Exasperated, I considered just leaving the damn thing on a bench somewhere just to have it out of my life and (even better) off of my body. But then I thought better of it– the last thing I need to add to this pile of shit I’m in is to end up on the eleven o’clock news as the “Hamburg Picnic Basket Terrorist”. Despite my amusement at the thought of the bomb squad robot being used to remove this harmless, ever-so-1950’s picnic basket, I was just feeling low and defeated. I grabbed the leather strap, switched shoulders and trudged down the sidewalk to make my way back to the Haptbahnhof. I’m never getting rid of this stupid thing, I thought as tears threatened to form. I fought them back, knowing that just walking around looking as miserable as I probably did while carrying this idiotically cheerful object probably made me look like a total lunatic as is. If I started crying, I might get the Polizei following me. I had a train to catch, and the best thing for me was to take my picnic basket and get the hell out of there until I could figure out another way to get rid of it.

The thing is, it really was a cute basket. It came with plates, champagne flutes and steel cutlery and was fitted with a triangle-shaped top and very picnic-y blue plaid lining. I even thought about keeping it, but I needed it gone.

I rode the stuffy, crowded train toward home with the stupid thing on my lap. I wanted to just park it on the seat next to me, but then I would have been subjected to stern German glares and emphatic “Entschuldigung!”s for taking up an extra seat like another thoughtless American. I got out at Buchholz rather than home to Lauenbrück, deciding that I would have better luck finding a post office there.

Well, I was almost right. I did find a post office.
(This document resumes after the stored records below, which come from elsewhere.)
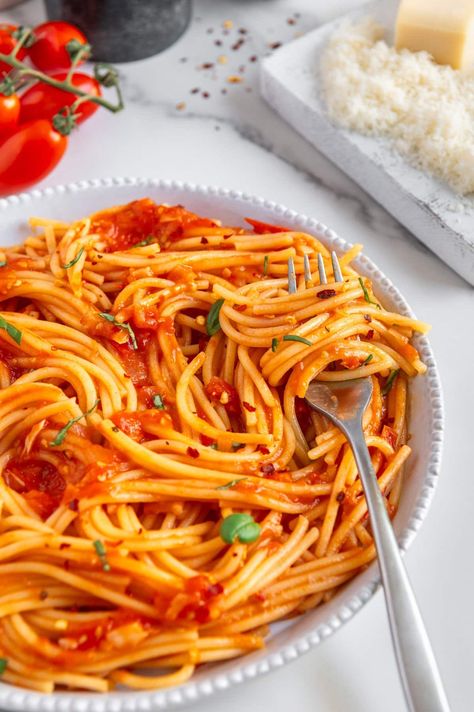 Spicy Homemade Spaghetti Arrabbiata Spicy Spaghetti Recipes, Spaghetti Recipes Vegetarian, Spicy Spaghetti, Homemade Spaghetti, Spaghetti Recipes, Recipes Vegetarian, Noodles, Vegetarian Recipes, Spaghetti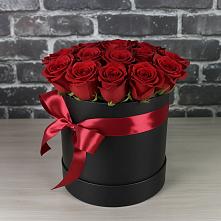 Цветочная композиция из Розы в шляпной коробке в Воронежском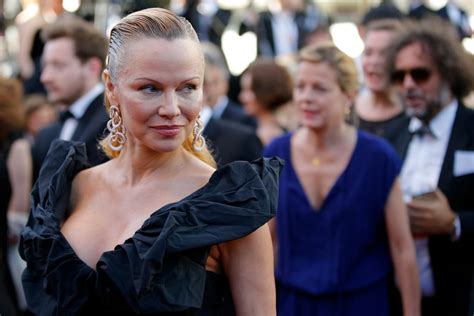 Pamela Anderson Posa Nua Aos 55 Anos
It was a cute red brick storefront among other cute red brick storefronts with a friendly yellow sign that said “Deutsch Post”…right next to a much less friendly sign saying “Geschlossen” (CLOSED). The leather strap weighing painfully on my shoulder, I stood there and stared for a good minute, silently talking myself out of just setting the fucking thing on fire right there.

I didn’t have any matches anyway.

I could get some.

No, Laura.

It was going to be at least another forty minutes until the next train home arrived, and all I could think to do was slump down on a bench at the platform with the nuisance basket at my feet and wait. Twenty minutes later more people began to congregate on the platform, some waiting for my train, others on the opposite side going back to Hamburg. An elderly woman came over and sat next to me. I managed to offer her a polite smile but then turned my gaze back to the tracks as I was losing the battle to stop myself from crying.
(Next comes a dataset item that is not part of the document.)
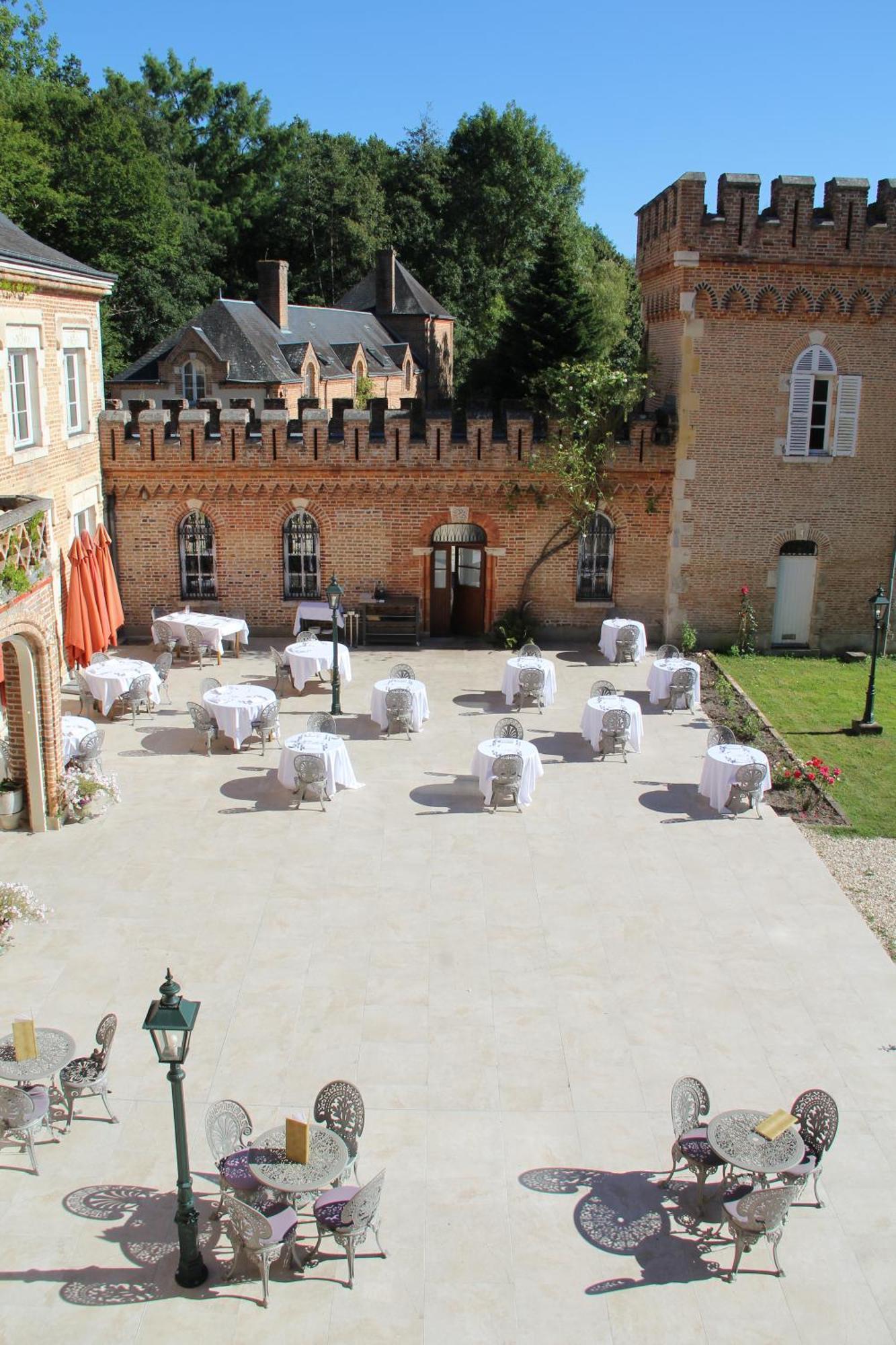 Hostellerie Du Chateau Les Muids La Ferté-Saint-Aubin Exterior foto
Christ, Laura, pull yourself together.

But that thought only weakened my defense and I felt a wet drop glide down my face, which I quickly wiped away and turned my head the opposite direction of the woman. When I finally felt more stabilized, I turned back. This sweet lady was now looking at me with a sympathetic expression on her face, holding her hand out to offer me a small package of tissues.
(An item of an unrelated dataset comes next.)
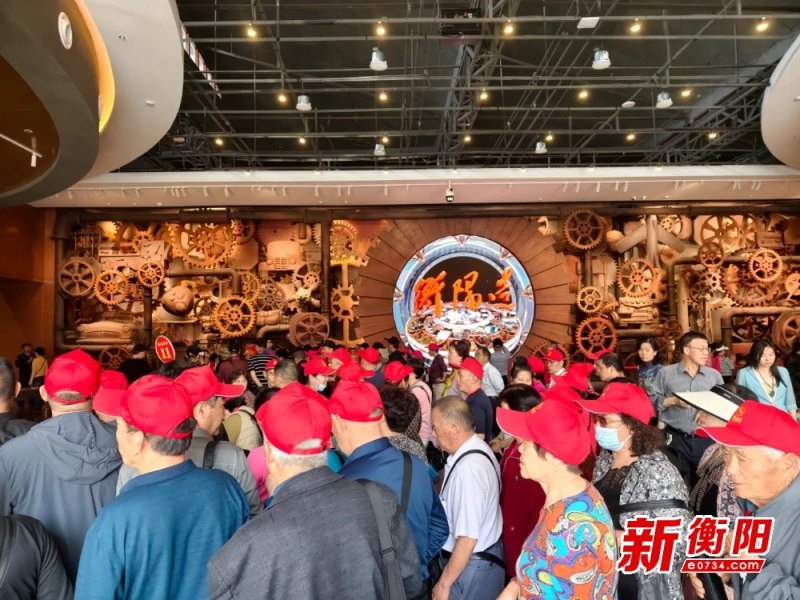 700名银发游客为何专程探访湘见·建湘工业文化街区?揭秘70年工业记忆的华丽转身 第2张 700名银发游客为何专程探访湘见·建湘工业文化街区?揭秘70年工业记忆的华丽转身 第2张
 This unfortunately opened the floodgates as my restrained tears became uncontrollable sobs. So much for pulling myself together. However, I was grateful for her kindness after such an awful day. I gently took them from her hand, smiled and thanked her appreciatively.

Jesus. Now I must look completely insane to this poor woman – sitting here bawling with a picnic basket at my feet.

Stop it. STOP.

I somehow managed to calm down as I was growing more weary by the minute, my energy drained by the day’s events. More than anything, I was just so mad at myself for even being in this situation. Praying to whatever deity happened to be listening for a sinkhole to swallow me right there, I slumped in defeat and waited for the next train home.

3 thoughts on “Hell In A Handbasket

  1. Enjoyed reading this, looking Forward to the next installment and the mystery behind the unwanted picnick bakste!! And why all the tears?

    • Thank you, Christopher! Well, that’s the part I’m working on finalizing right now. The tears? I was a long, frustrating day trying to get rid of something that was basically mocking me every time I looked at it.